ME: For me the problem has always been time. The games take a long time to experience, but rarely can I keep them up for more than a few hours. I think if you have a space, you should just put up a few games and switch them every once in a while. Maybe rotate them out. It’s just important to give each game its space and give people enough time to play them.
S: How important are festivals like Independent Games Festival and the perhaps A MAZE.? What are the prospects of the artists.
ME: I haven’t been to IGF, but right now I see it basically as a grant. I don’t think it’s so useful for meeting people outside of the industry because the goal there seems to be to find a publisher. A MAZE. looks like fun, and it’s similar to what I’ve been doing– getting people together and having music and games set up, but keeping it casual.

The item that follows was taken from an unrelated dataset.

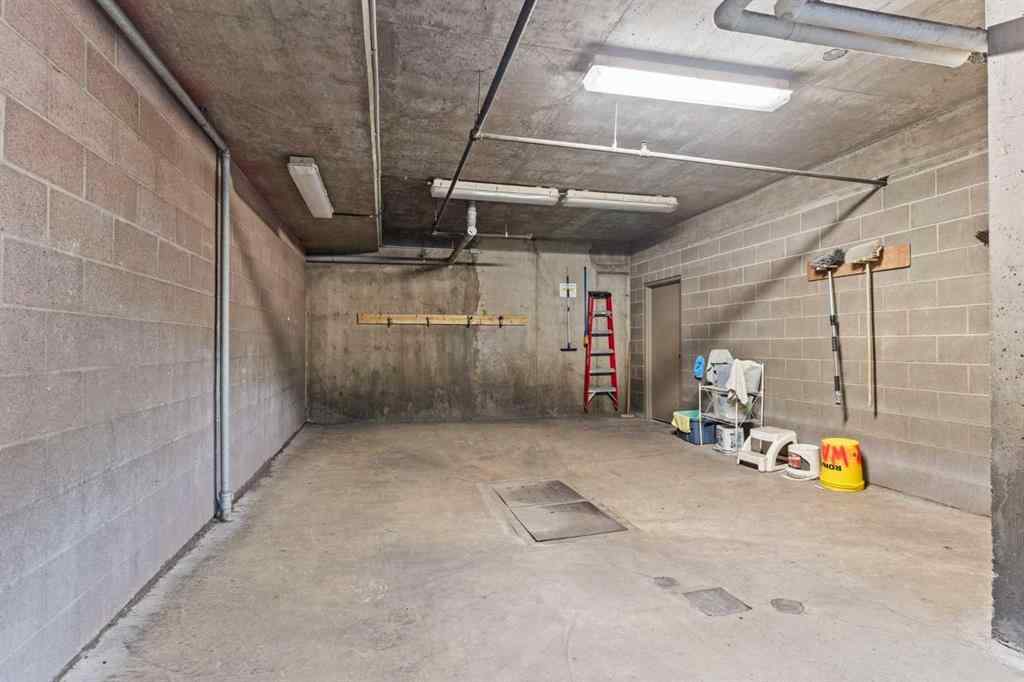 MLS® A2258328 - Unit #242 30 Sierra Morena Landing SW in Signal Hill Calgary, Residential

S: What does ‚fun’ mean to you?
ME: In games I’m finding it fun to explore the details in the control of your character. A game is fun if you can really perform some graceful movements.
S: Sex in video games?
ME: I don’t think it makes sense.
S: Most people say, that your games are disturbing or frustrating. There is no place for fun. Is it part of your concept to provoke and say: „Look at me, industry – you have the money and I have the ideas” ?

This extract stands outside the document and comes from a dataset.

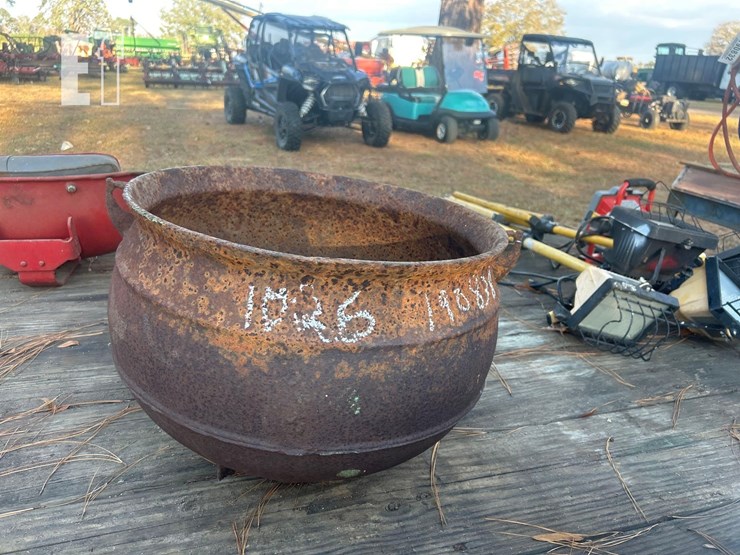 cast-iron-pot-image-1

ME: I think there’s plenty of fun. I have fun playing my games. They don’t reward you as much as conventional games, but I don’t feel obligated to. Besides Randy Balma: Municipal Abortionist, you can really show off in all the games in a way that isn’t overly flashy or bubbly. It’s like playing a good game of darts.
S: Is it possible for you to work on a project for a console or would that conflict with your artistic independence?
ME: I’m not adept enough at coding to write a game for a console system on my own so it would involve colaborating on parts of games that I normally wouldn’t, but the game could still be a good game. I’m working on a couple of console projects now, and it’s great to be able to do things I normally couldn’t do as well as collaborate on ideas from people I respect.
S: Vision for Game Art?
ME: Games in galleries, and an audience that will go play them.
S: How relevant are the ethics a gamer brings into a game with predefined goals?
ME: As relevant as the designer cares to make them. They can be a good emotional tool if you present ethical choices or general feeling of unease in the right way, but not every game should really concern itself with that.
S: Rules = storytelling?
ME: In part, but things like text and other stuff happening on screen unrelated to what you can interact with are still relevant.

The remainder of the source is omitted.